From my WayBack Machine comes one that definitely takes me back to the field at a friends house, in the back fields shortly after haying with the great rolls scattered about stretching all the way to the edge of the woods and the smell of new straw and fresh grasses and that just after a rain storm air. I must have been in the fourth grade or so and we were out with my best friend and a Big Kid, his brother or uncle or friend who was teaching us how to shoot and really watching us like the hawk that was patrolling the far end of the field.

But the rifle on that day was so much bigger and heavier and louder and harder to aim than it is today.

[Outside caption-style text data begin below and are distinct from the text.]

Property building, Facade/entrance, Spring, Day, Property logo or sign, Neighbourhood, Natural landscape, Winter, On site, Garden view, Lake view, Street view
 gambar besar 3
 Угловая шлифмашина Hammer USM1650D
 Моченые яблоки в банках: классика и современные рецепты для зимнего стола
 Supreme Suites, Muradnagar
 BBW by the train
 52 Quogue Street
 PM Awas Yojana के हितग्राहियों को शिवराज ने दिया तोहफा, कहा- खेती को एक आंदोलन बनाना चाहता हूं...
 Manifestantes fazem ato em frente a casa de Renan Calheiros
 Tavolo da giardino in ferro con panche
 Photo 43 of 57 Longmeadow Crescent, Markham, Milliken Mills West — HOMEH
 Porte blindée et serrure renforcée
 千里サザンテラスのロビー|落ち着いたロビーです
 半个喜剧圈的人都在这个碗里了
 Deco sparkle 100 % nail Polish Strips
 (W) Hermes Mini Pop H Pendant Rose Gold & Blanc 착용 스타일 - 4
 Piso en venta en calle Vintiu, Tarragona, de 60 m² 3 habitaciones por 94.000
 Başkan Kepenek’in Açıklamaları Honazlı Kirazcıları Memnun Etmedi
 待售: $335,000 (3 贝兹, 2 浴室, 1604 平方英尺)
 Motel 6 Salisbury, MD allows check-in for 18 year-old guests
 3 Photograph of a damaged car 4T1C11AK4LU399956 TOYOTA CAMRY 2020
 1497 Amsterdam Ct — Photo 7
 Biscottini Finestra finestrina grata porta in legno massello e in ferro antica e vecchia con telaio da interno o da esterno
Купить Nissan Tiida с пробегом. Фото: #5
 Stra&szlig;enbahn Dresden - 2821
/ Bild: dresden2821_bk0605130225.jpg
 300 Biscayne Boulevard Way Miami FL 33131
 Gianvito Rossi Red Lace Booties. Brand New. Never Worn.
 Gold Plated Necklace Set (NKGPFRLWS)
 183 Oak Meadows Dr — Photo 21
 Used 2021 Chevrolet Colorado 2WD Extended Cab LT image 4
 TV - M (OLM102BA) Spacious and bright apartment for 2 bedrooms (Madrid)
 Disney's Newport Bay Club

JC Higgins model 28 that was only sold for about six months in 1951 and made by High Standard:

28-01small.jpg 28-02small.jpg
 
Wow, I took one look at that and realized it was exactly my mother’s old gun. I haven’t seen it in 40-some years and had kind of given up on ever knowing what it was since I had no pictures. It must’ve been the Winchester. Now that I know ... well, you all know. Better start rearranging the safe.

Thanks for sharing.
 
Oh, the WayBack Machine... mine is in the form of a Norinco ATD that I picked up cheap a few years ago. Just a great little gun to pop cans and empty shotgun hulls with out in the yard. Its special because, when Mrs. Mac and I were first married, I had a Remington 24 in 22 short. I put a lot of meat on our table with that little Remington using 89 cent boxes of Winchester shorts. There's no telling how many critters I shot with it, but we were poor and hungry so none went to waste. It was traded off sometime later, sadly. So, when finances and opportunity finally allowed, I added the little Norinco to the herd. If I'm honest, it's not quite as nice as the old 24, but it shoots just as good!

Mac
 
Ya' gotta love a .22 pump! Takedown is even better and an old brick of ammo even better yet !! This is my Remington model 121. Remington made different grades of these, with each ascending grade receiving more engraving and better wood. Sometimes the entry level assembly line would run out of buttstocks. When this happened the assemblers would just pluck a higher grade stock from upscale pile. I think this is how I got that nicely figured butt stock. The pic really doesn't do it justice. And, as usual, my puter is drunk again. Oh, well. One out of two ain't bad
That was the pump .22 that I used in High School. The .22 that I'd like to have another.